Exercise requirements :: In the entries below, begin at the line with "Picture of Andreas" and stop after the line with "Grenouille soulevant des"; output those lines exactly and omit the pictures.
*** Entries supplied ***
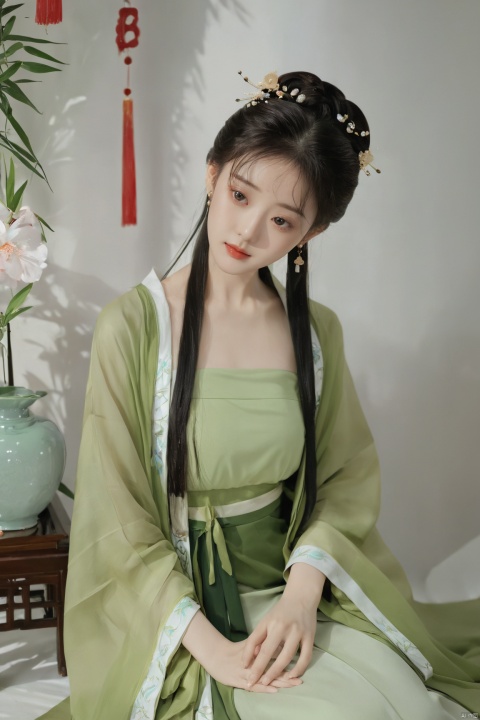  (masterpiece, top quality, best quality, official art, beautiful and aesthetic:1.2),gf-hd, 1girl, solo, hair ornament, jewelry,hanfu dress, green dress, earrings, chinese clothes, brown hair, ribbon, hanfu, red ribbon, shawl, song_hanfu,(big breasts:1.69), monkren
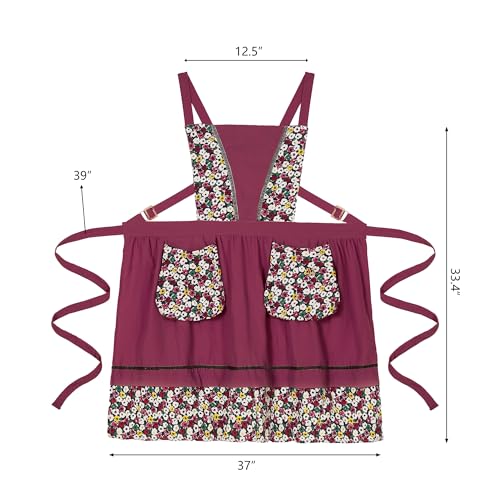 Kitchen Aprons for Women with Pockets Cute Floral Chef Pinafore Apron for Gardening Cooking Baking Painting (Burgundy)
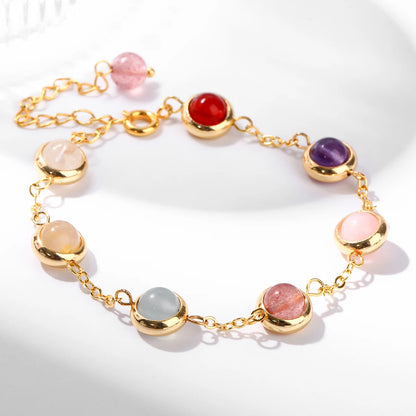 Colorful Crystal Lucky Bracelet – Charming Unisex Stainless Steel Jewelry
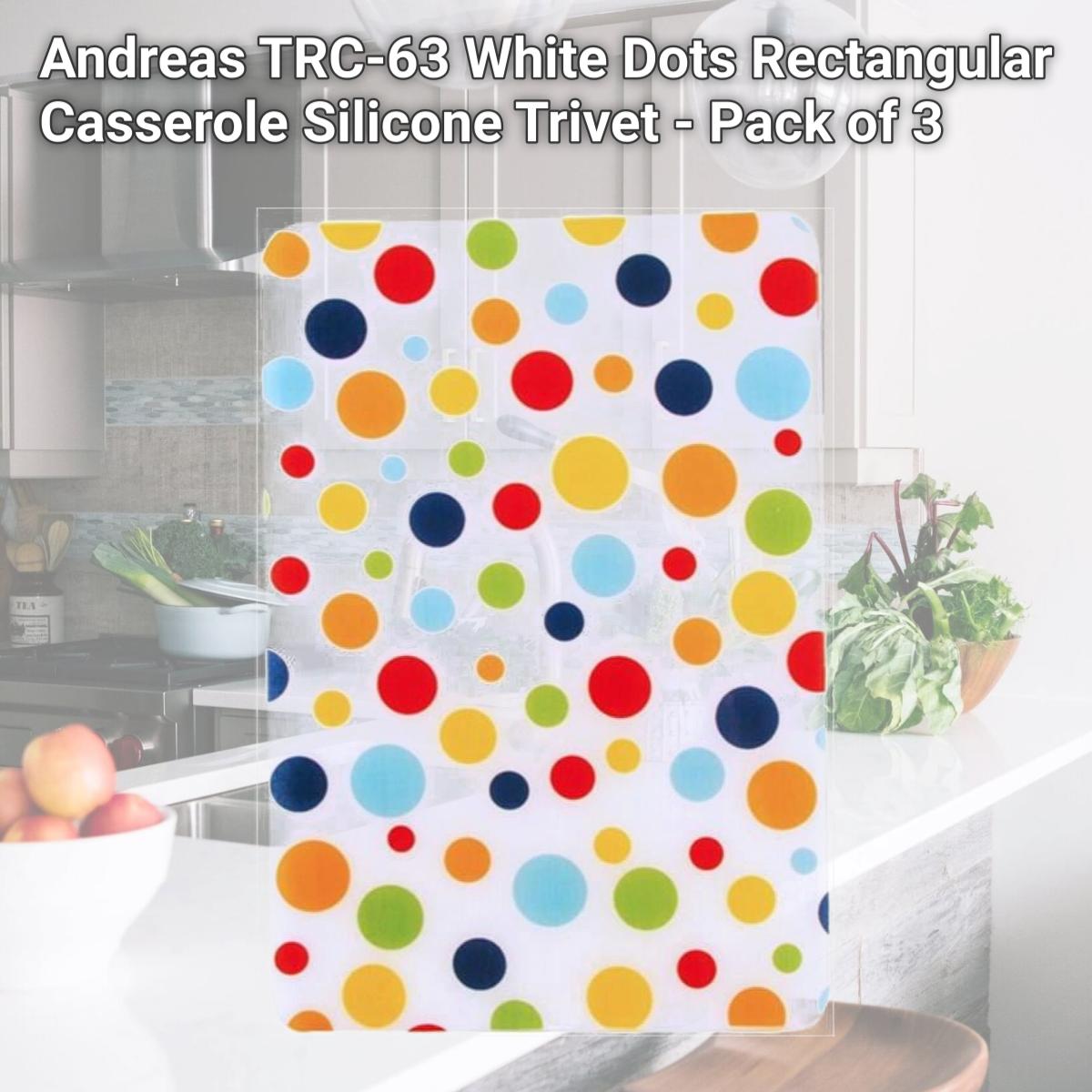 Picture of Andreas TRC-63 White Dots Rectangular Casserole Silicone Trivet - Pack of 3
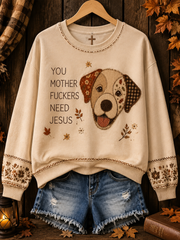 Frauen Herbst Hund regelmäßige Sweatshirt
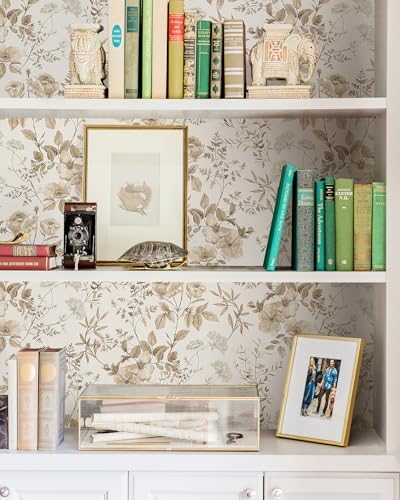 Erfoni Boho Floral Peel and Stick Wallpaper Beige Flower Leaf Contact Paper - Image 3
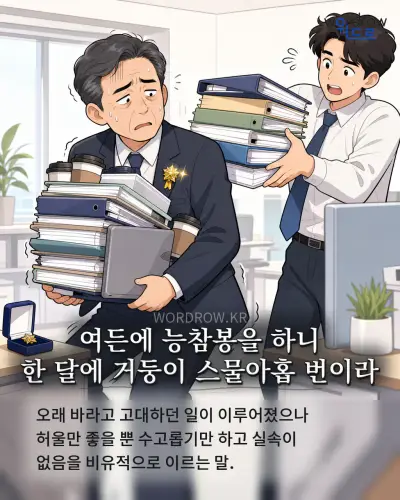 한국어 속담 “여든에 능참봉을 하니 한 달에 거둥이 스물아홉 번이라” 1컷 일러스트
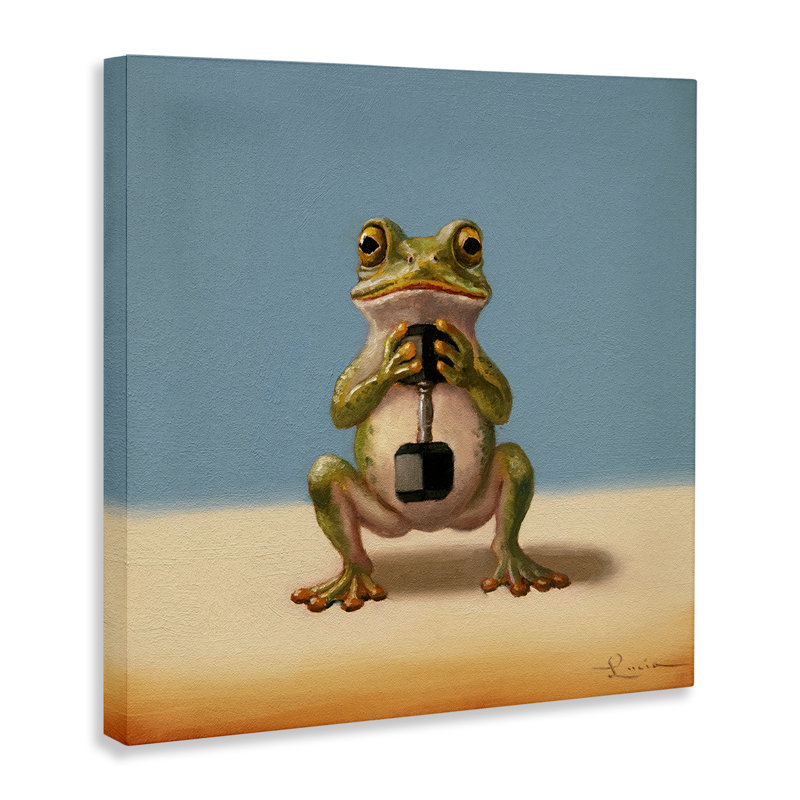 Grenouille soulevant des poids, conception par Lucia Heffernan, H 30 po x l 30 po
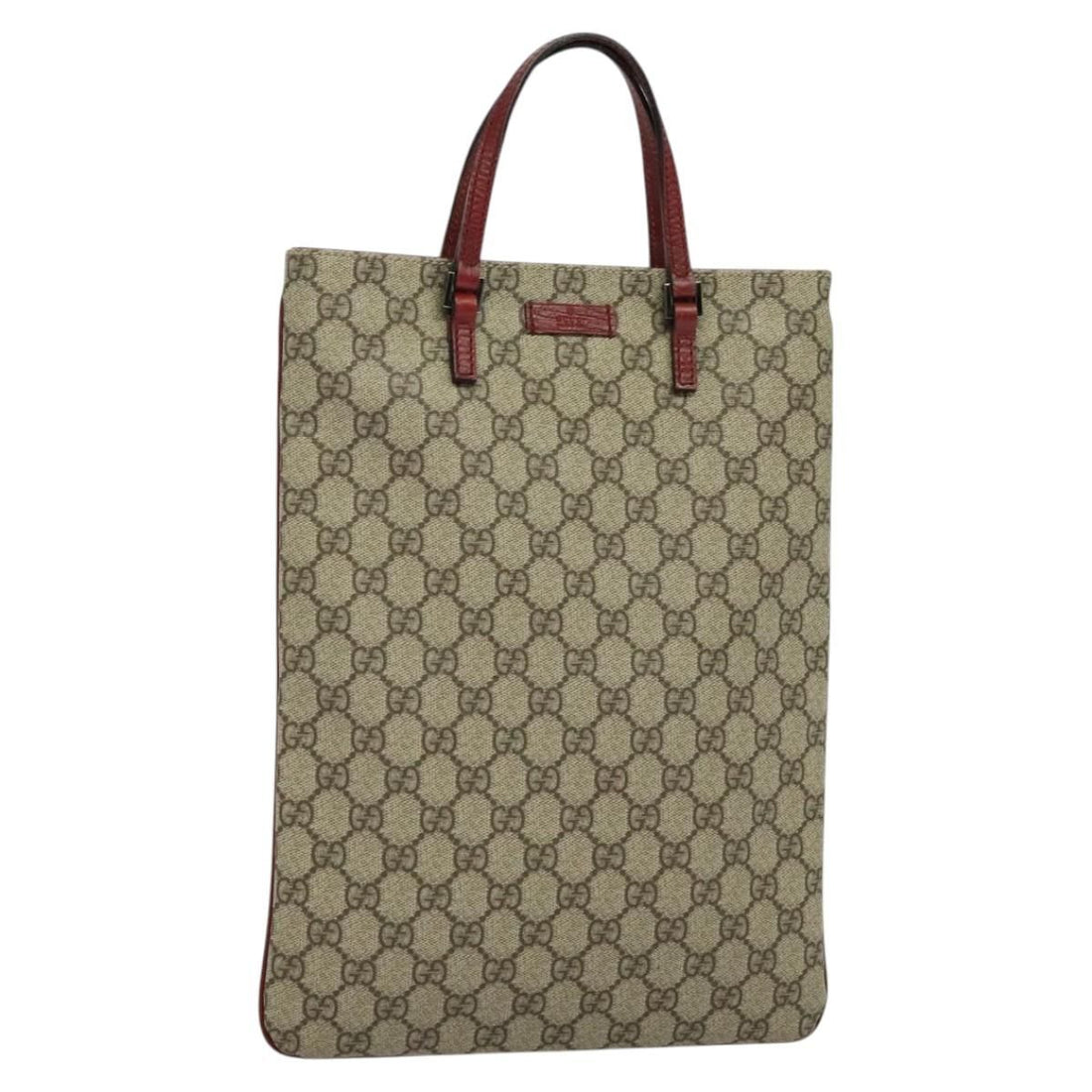 Gucci Gg Supreme Hand Bag Pvc Beige Silver 117551 Auth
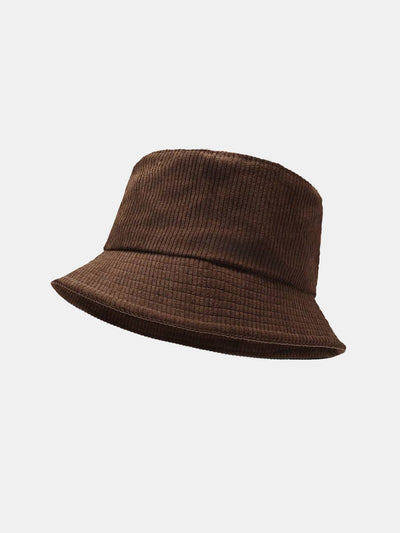 Solid Color Check Corduroy Bucket Hat
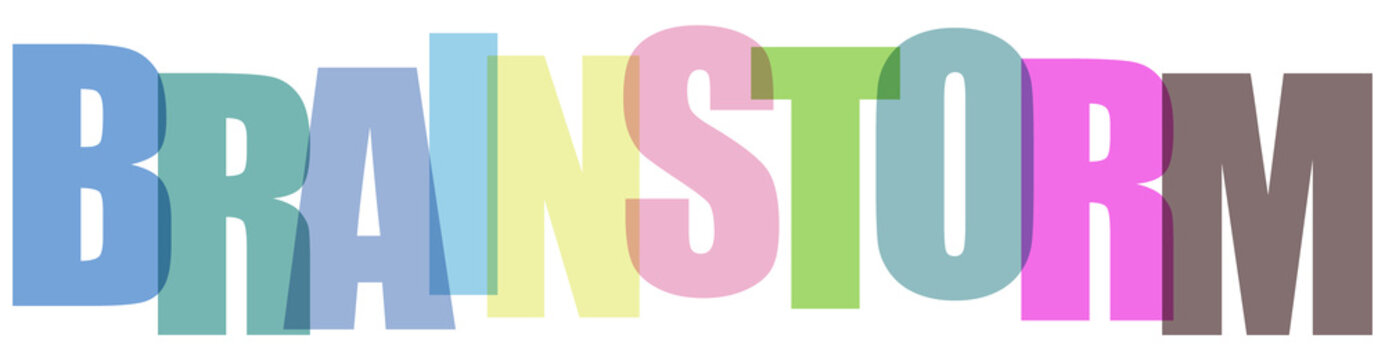 Colorful 'BRAINSTORM' text with overlapping letters, representing creative thinking, idea generation, and collaborative problem-solving for business concepts and innovation.
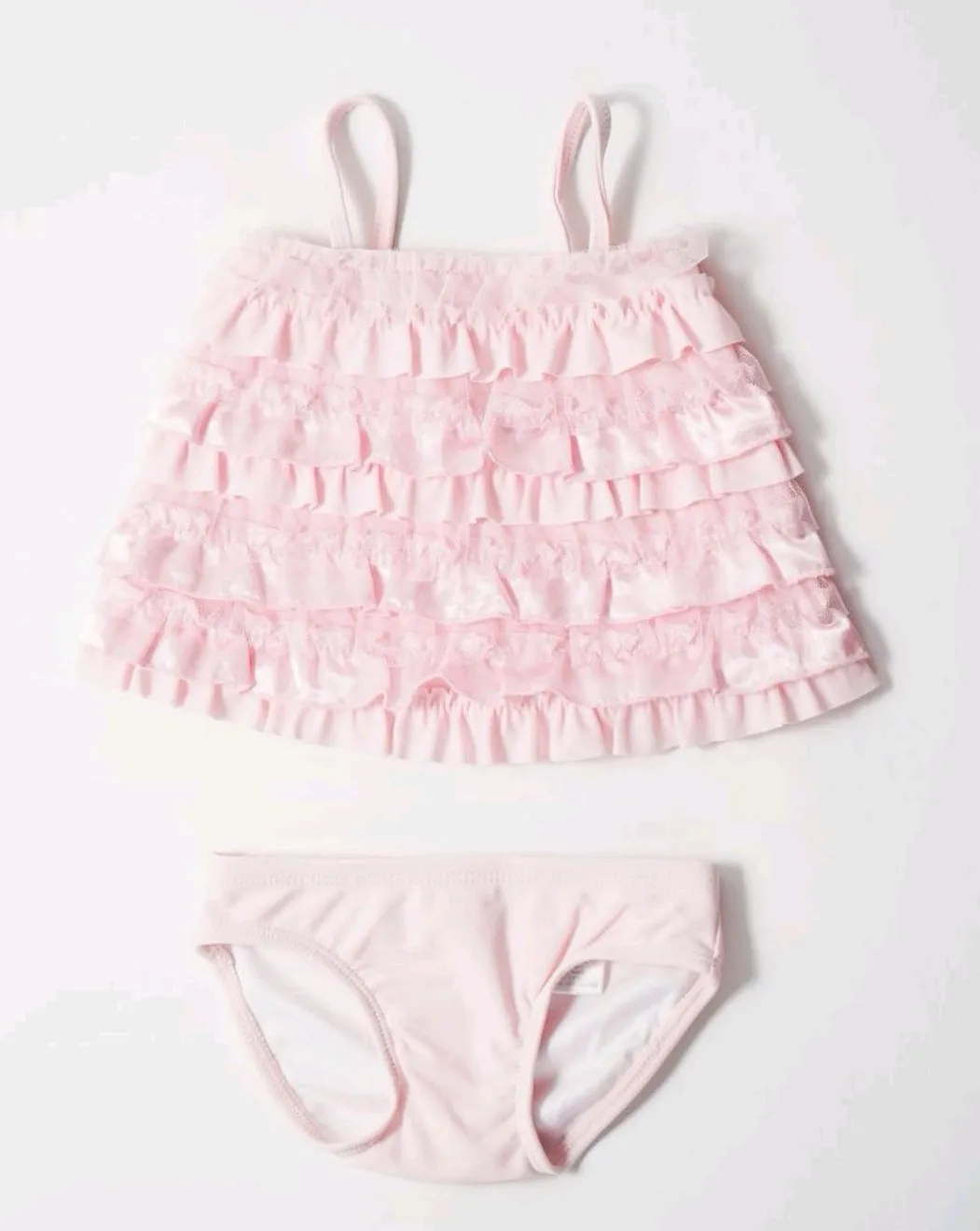 BABY GIRL SIZE 3 MONTHS - KATE MACK (Dipped in Ruffles) 2 pc Tankini Swimwear EUC B15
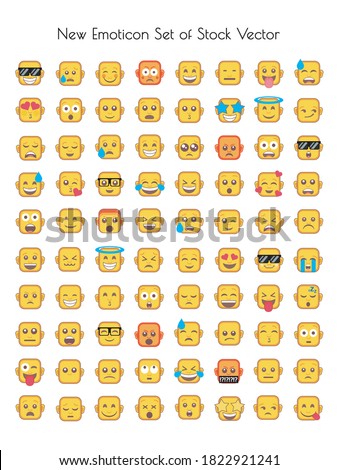 new emoticon set of stock vector is, emoticons in the form of boxes and blunt angles, unusual and have not existed before, maybe will make you stand out from other emoticons, vector format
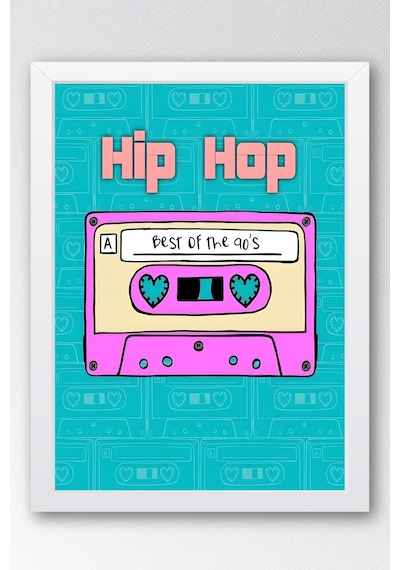 90'lar Hip Hop Kaseti Çerçeveli Tablo - Pop Art Poster Tablo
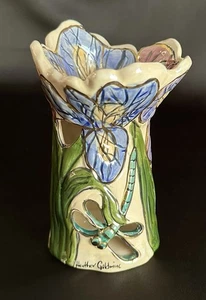 Heather Goldminc Blue Sky Clayworks Iris Dragonfly Wax Warmer 2002 Iridescent - Picture 1 of 12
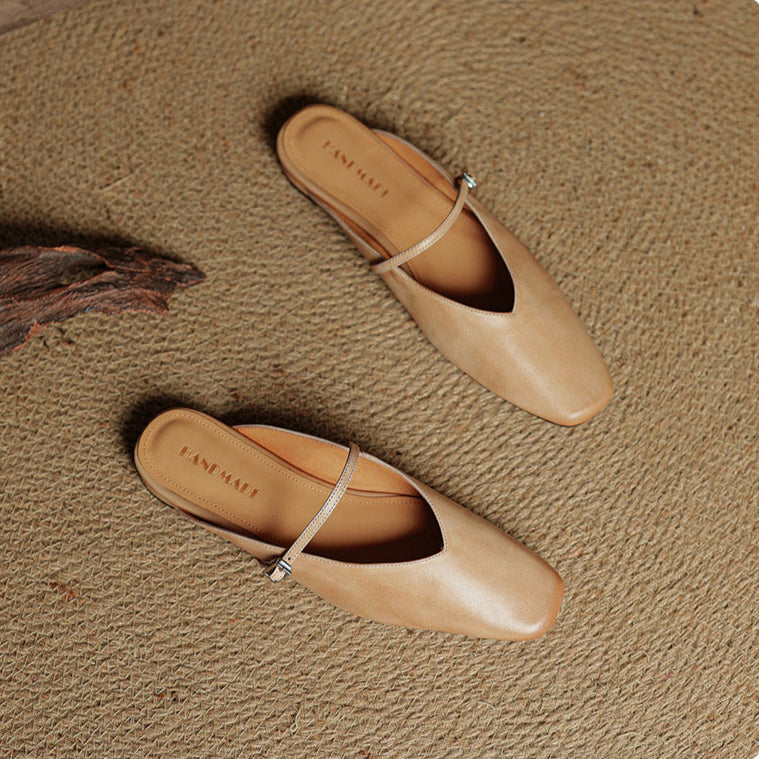 Miral | Square-Toe Mary Jane Flat Mules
*** End of Entries supplied ***
Task answer ::
 Picture of Andreas TRC-63 White Dots Rectangular Casserole Silicone Trivet - Pack of 3
 Frauen Herbst Hund regelmäßige Sweatshirt
 Erfoni Boho Floral Peel and Stick Wallpaper Beige Flower Leaf Contact Paper - Image 3
 한국어 속담 “여든에 능참봉을 하니 한 달에 거둥이 스물아홉 번이라” 1컷 일러스트
 Grenouille soulevant des poids, conception par Lucia Heffernan, H 30 po x l 30 po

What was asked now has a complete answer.